I guess John Kay nails it (although this is in a slightly different context). ”Regulation should seek to work with market forces, not to replace them. Not because free markets lead to the best of all possible worlds—in financial services, as in many other activities, they plainly do not. But it is much easier to channel a flow of water into appropriate downhill channels than to push it uphill. That is why structural regulation, which emphasizes the incentives given by regulatory measures, is often preferable to regulation which seeks to control behaviour. Competition where possible, regulation where necessary, and supervision not at all, should be the underlying principle.”
When is it legitimate for a Government to intervene in a Private Market? While a rather large number say never, it’s clear that that’s wrong – if government was really so bad, state capacity and wealth would be inversely related, whereas almost exactly the opposite is true. However, it’s in the states with middling state capacity that we should be most wary of the state. Case in point: Arvind Kejriwal and the Government of Delhi.
Delhi’s transport system is probably the ultimate example of a combination of private market and public failure – an elite enriched through extraction of wealth from the rest of the country through political means owns far more cars than can possibly be socially optimal. Bus lanes do not exist, and a vast array of different modes of transport compete for roads designed in an age of horse-driven carriages. The Delhi Metro serves a massive number of people, acting both as a pressure valve and a social leveller.
At different stages, different culprits have been sought for the Capital’s traffic woes. The rickshaws, for instance, were thought to be at the root of pollution – so the state mandated that they all run on CNG and restricted the number of permits to a number so low that the black market price of a permit often exceeded the price of a new rickshaw itself. A Rickshaw mafia emerged, and a larger number of people were encouraged to purchase new cars due to the sudden fall in rickshaw supply – and most of these were diesel vehicles, raising the capitol’s SO2 levels if nothing else (Indian diesel is notoriously high in sulphur content).
Today’s blame, of course, falls on the car owner, that blasted consumer who must be forced to drive only on the odd (or even) day. Given this, the Delhi Government’s further reaction to banning surge pricing is even odder. What Kejriwal’s government has done is rather akin to what Sher Shah Suri once did: facing agrarian crises in North India, he set maximum prices on grain traders in Agra, who promptly cut supply. On the one hand, Kejriwal wants people to drive less; on the other, he’s essentially shutting down another mode of transport. Ola and Uber are purely noncoercive entities: if surge pricing is unaffordable, no one is preventing anyone from using a standard cab. If the concern with surge pricing is that one party is completely surprised by it, then the optimal response is regulation requiring cab operators to adhere to the price at which the cab is booked, not the price prevailing when the customer reaches the destination. There’s an entire array of proposals that’re smart, equitable and won’t chop off the supply of ridesharing cabs in Delhi.

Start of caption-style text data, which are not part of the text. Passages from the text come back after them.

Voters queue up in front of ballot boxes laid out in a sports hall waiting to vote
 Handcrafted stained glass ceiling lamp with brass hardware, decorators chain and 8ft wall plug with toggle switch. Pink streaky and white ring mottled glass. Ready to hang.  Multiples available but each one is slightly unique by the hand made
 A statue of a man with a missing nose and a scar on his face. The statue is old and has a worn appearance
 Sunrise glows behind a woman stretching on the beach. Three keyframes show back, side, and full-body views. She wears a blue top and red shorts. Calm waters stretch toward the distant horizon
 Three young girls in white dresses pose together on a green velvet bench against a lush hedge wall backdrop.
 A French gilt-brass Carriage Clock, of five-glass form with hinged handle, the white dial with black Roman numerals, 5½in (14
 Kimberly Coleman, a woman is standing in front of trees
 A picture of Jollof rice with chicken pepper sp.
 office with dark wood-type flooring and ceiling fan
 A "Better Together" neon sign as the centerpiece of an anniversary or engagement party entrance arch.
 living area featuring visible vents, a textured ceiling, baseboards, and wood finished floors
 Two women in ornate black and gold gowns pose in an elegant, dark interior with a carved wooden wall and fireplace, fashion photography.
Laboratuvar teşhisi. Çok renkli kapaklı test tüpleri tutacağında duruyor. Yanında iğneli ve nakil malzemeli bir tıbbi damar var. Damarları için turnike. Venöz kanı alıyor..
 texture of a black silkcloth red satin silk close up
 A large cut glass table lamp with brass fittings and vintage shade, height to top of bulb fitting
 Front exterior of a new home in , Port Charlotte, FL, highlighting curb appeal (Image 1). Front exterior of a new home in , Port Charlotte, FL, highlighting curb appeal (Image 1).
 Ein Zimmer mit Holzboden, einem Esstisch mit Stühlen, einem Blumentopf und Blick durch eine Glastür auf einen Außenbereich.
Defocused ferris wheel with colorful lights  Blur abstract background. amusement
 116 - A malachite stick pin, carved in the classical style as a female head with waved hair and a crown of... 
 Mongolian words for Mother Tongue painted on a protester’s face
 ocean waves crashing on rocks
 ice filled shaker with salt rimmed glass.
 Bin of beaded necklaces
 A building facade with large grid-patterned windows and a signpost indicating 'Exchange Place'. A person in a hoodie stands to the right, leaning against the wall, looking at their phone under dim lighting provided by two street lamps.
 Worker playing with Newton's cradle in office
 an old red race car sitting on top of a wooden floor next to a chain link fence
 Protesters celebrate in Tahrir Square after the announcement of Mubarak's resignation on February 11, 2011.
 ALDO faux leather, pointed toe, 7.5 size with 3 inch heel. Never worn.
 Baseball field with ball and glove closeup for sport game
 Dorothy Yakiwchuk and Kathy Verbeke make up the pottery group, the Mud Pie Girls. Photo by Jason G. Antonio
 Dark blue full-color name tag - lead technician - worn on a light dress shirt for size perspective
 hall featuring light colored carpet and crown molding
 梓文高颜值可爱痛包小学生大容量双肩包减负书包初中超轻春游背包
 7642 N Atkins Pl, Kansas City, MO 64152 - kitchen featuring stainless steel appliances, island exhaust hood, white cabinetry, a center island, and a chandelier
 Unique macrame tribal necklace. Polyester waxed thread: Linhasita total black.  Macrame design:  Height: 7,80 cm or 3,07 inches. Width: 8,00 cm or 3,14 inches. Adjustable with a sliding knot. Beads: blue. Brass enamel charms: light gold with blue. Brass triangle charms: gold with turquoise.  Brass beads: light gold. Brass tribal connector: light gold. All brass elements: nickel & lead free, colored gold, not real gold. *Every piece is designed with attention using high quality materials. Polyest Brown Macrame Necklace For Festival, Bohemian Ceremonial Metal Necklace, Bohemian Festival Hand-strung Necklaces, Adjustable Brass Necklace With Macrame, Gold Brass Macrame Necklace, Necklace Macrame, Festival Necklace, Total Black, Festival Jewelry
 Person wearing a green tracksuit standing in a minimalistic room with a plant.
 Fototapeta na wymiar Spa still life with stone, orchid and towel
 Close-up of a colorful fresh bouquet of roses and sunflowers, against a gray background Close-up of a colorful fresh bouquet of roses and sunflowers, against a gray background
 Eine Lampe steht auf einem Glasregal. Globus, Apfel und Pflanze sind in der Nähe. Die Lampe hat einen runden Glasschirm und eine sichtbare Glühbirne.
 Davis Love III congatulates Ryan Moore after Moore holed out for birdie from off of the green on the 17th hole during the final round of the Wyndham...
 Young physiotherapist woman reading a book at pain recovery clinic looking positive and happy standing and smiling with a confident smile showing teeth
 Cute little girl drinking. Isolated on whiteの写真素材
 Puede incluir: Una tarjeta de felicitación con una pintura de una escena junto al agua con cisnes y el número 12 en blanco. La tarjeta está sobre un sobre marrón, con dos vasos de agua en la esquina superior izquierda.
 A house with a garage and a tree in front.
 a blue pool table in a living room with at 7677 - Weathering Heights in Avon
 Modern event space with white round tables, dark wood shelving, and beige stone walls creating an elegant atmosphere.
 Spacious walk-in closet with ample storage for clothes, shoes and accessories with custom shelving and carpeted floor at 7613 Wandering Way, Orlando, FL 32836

There are those who respond with the usual market failure story, that Uber/Ola have built up a cabal of taxi owners who alone benefit from surge pricing. This is naïve and characteristic of a hatred for the corporate that’s holding all of us back. In the absence of surge pricing, these cartels (if they exist) won’t fall apart. On the other hand, potential entrants will be discouraged if the returns to investment in an Ola is same as the return to investment in a Kaali-Peeli – in fact, placing a cap on all taxi services drives all taxi prices to the same level, making kaali-peelis better investments, just because the cars are so much cheaper than the average Ola Owner’s vehicle. Of course, Kaali Peelis are probably a far more cartelised industry, so the taxi industry’s extortion of the masses can continue unabated.
I don’t think Arvind Kejriwal is a malicious power-hungry concentrator who wants to build monuments to his glory, like Odd-Even will become. I just think he works in the same knee-jerk, ad-hoc fashion that characterises democratic governments with finite and short terms, and that this is worsened by his frustration: despite an incredible majority in the Delhi Assembly, he sees his power limited by the overarching hand of the Centre. That being said, unlike a good many other leaders, Kejriwal is probably an honourable man. However, Shakespeare was pretty clear that honourable men and rationality aren’t necessarily the best of companions in a policymaker.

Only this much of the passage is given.